Start of Excerpted records
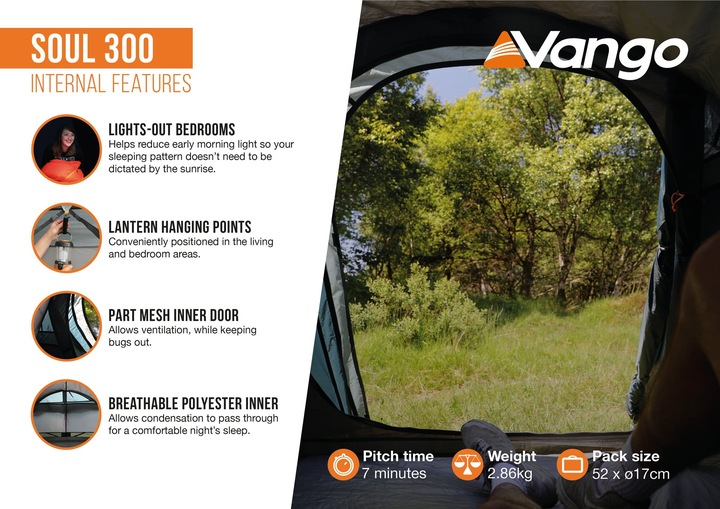 Immagine prodotto Vango Anima 300 (Tenda a tunnel, 2.86 kg, 3 persone)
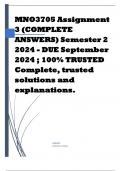 MNO3705 Assignment 3 (COMPLETE ANSWERS) Semester 2 2024 - DUE September 2024 ; 100% TRUSTED Complete, trusted solutions and explanations. 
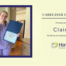 Graphic recognizing Claire M. as HomeChoice Home Care Solutions' July Caregiver of the Month. Claire is smiling while holding her Caregiver of the Month certificate and a bouquet of flowers in a client's home. The graphic features the HomeChoice logo and the text, "Caregiver of the Month – Proudly presented to Claire M. for being an amazing member of our team!" in the company's signature blue and green brand colors, celebrating her compassion, dedication, and commitment to providing exceptional in-home care.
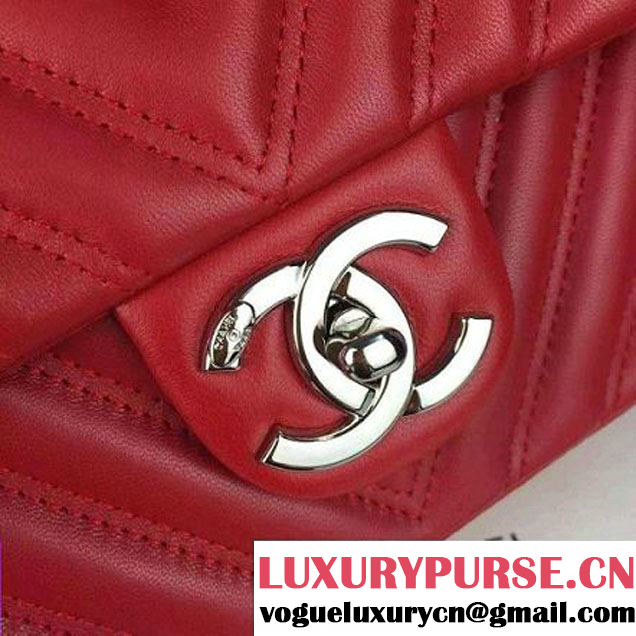Chanel Red Lambskin Medium Chevron Quilting Flap Bag F/W 2015  (2A058-102008 )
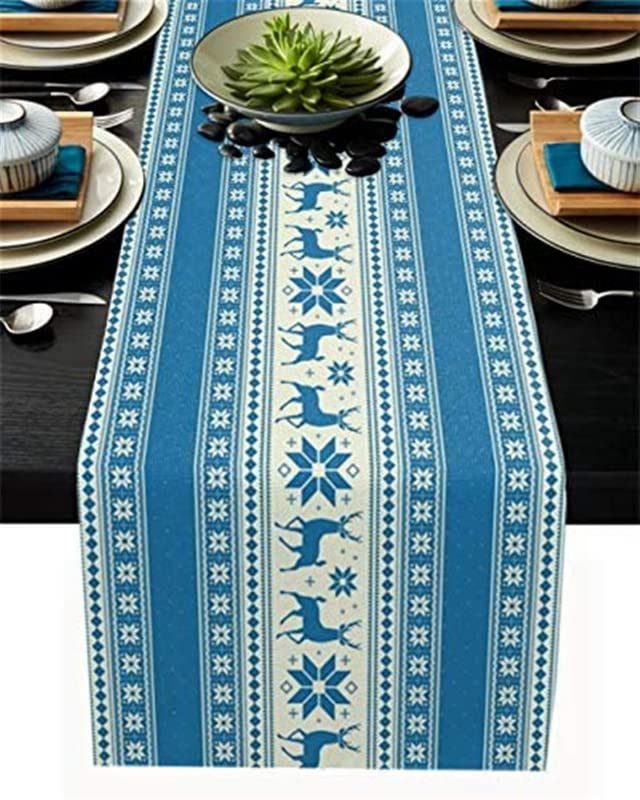 Christmas Elk Snowflake Blue Stripes Table Runner - 13x70 Inch Holiday Dining & Coffee Table Decor for Kitchen, Wedding, and Home - Perfect for Festive Gatherings & Seasonal Celebrations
End of Excerpted records
#### [Problem to work on]
In your reply, please set down exactly the lines from the one containing "Chanel Red Lambskin" through the end of the records, with the pictures left out.

#### [Result for this task]
Chanel Red Lambskin Medium Chevron Quilting Flap Bag F/W 2015  (2A058-102008 )
 Christmas Elk Snowflake Blue Stripes Table Runner - 13x70 Inch Holiday Dining & Coffee Table Decor for Kitchen, Wedding, and Home - Perfect for Festive Gatherings & Seasonal Celebrations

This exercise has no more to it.